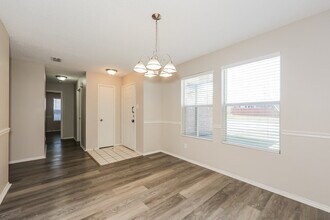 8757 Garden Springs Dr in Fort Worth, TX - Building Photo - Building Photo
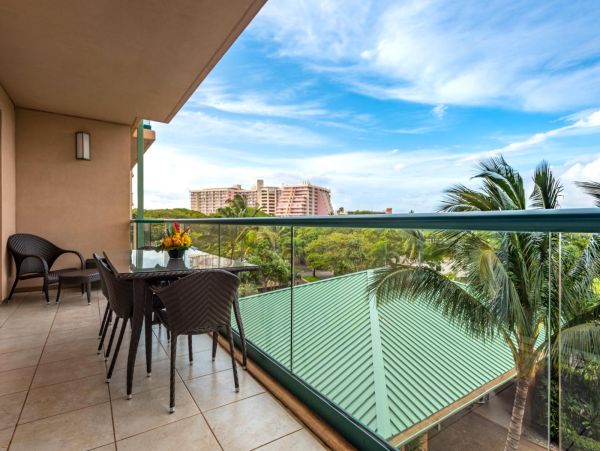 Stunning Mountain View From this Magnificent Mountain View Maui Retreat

=-=-=-=-=

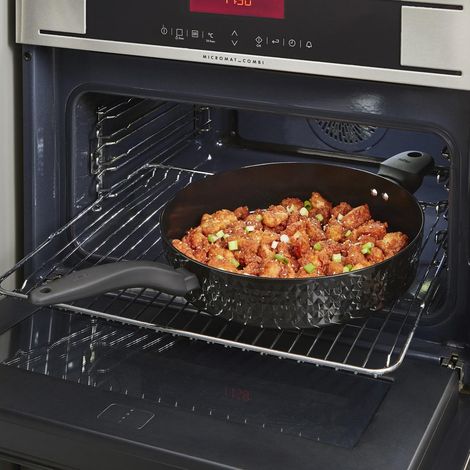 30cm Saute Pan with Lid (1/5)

=-=-=-=-=

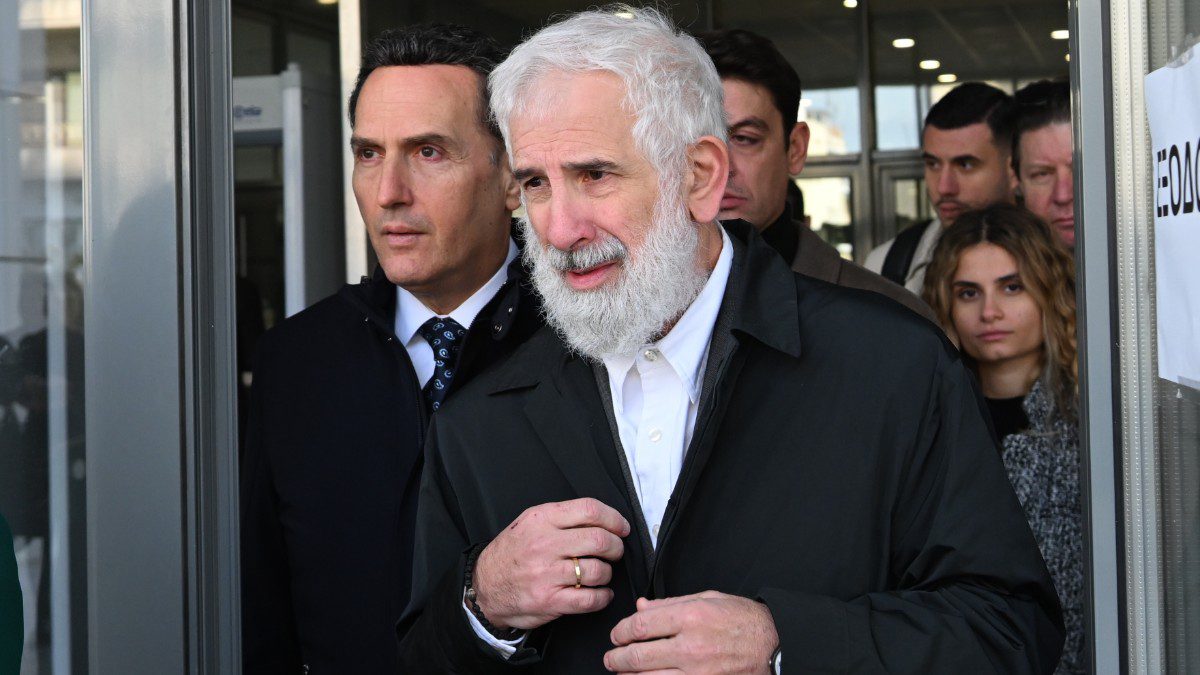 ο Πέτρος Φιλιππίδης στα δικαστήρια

=-=-=-=-=

[DIRECTIONS FOR THIS TASK]
For this exercise, please set down exactly the lines of the listing above from the line with "8757 Garden Springs" up to and including the line with "Stunning Mountain View", and no pictures.

[SOLUTION TO THIS EXERCISE]
 8757 Garden Springs Dr in Fort Worth, TX - Building Photo - Building Photo
 Stunning Mountain View From this Magnificent Mountain View Maui Retreat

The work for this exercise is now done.